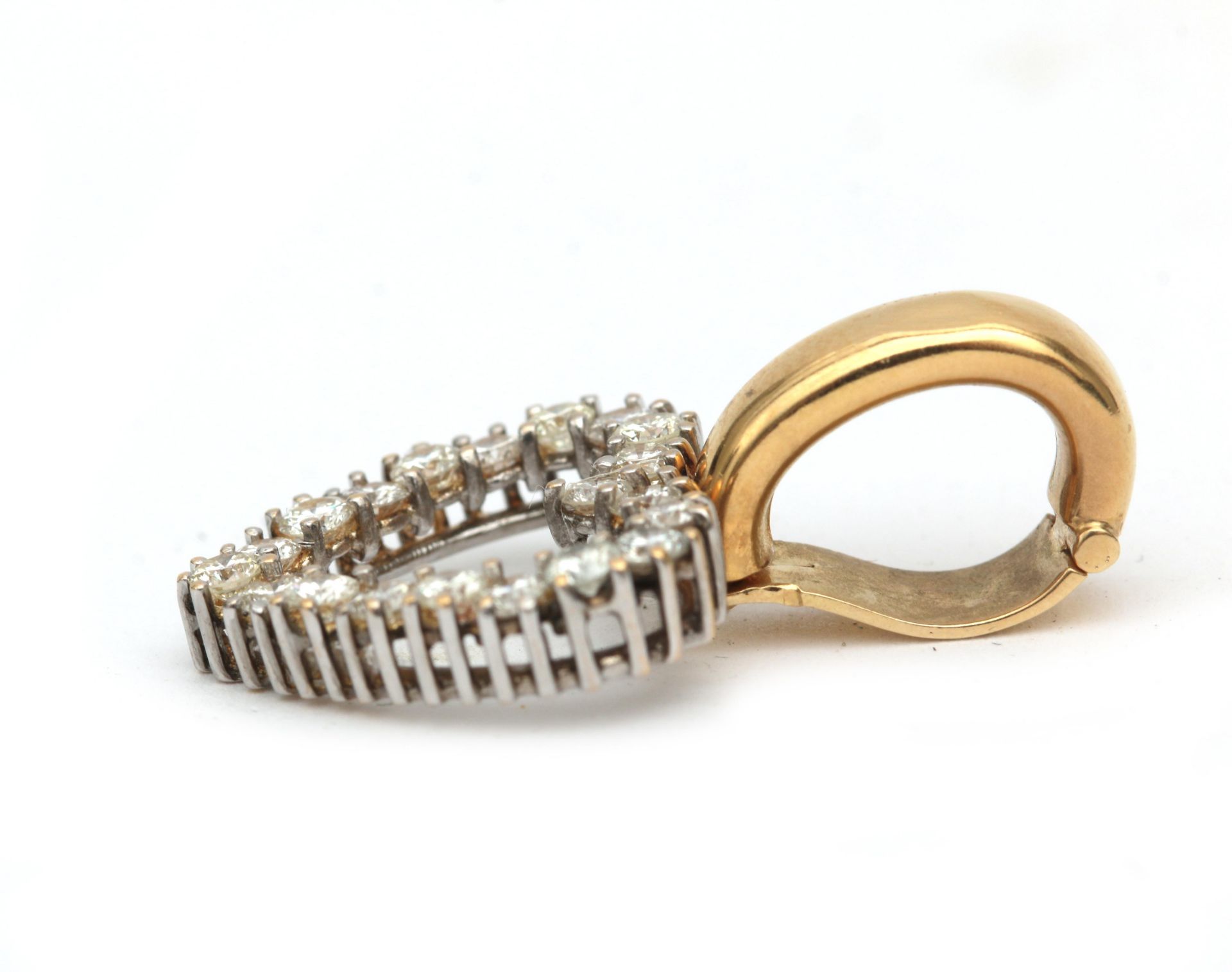 A 14 karat gold diamond set heart shaped pendant. Featuring twenty brilliant cut diamonds, ca. 1. - Image 2 of 3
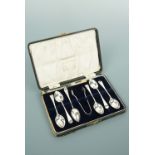 A cased set of six George VI silver Old English pattern coffee spoons and sugar tongs, W M Co,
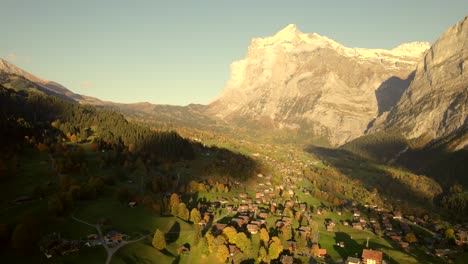 Drohnenaufnahmen-Aus-Der-Luft,-Die-über-Das-Dorf-Grindelwald-Drängen,-Mit-Blick-Auf-Den-Sonnenuntergang-Des-Wetterhorns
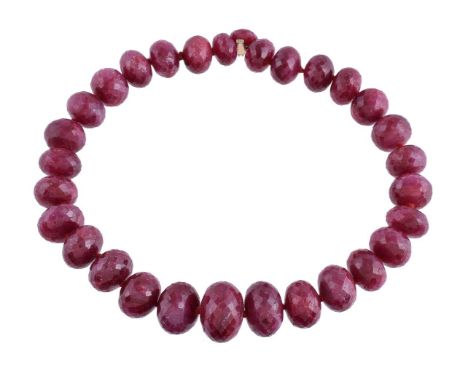 A facetted ruby bead necklace, the graduating facetted ruby beads, to a facetted ruby clasp set with an old cut diamond, 42cm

WORK REQUEST:
Since the pictures are not wanted, give the material again exactly without them.

TASK ANSWER:
 A 14 karat gold diamond set heart shaped pendant. Featuring twenty brilliant cut diamonds, ca. 1. - Image 2 of 3
 A cased set of six George VI silver Old English pattern coffee spoons and sugar tongs, W M Co,
 Drohnenaufnahmen-Aus-Der-Luft,-Die-über-Das-Dorf-Grindelwald-Drängen,-Mit-Blick-Auf-Den-Sonnenuntergang-Des-Wetterhorns
 A facetted ruby bead necklace, the graduating facetted ruby beads, to a facetted ruby clasp set with an old cut diamond, 42cm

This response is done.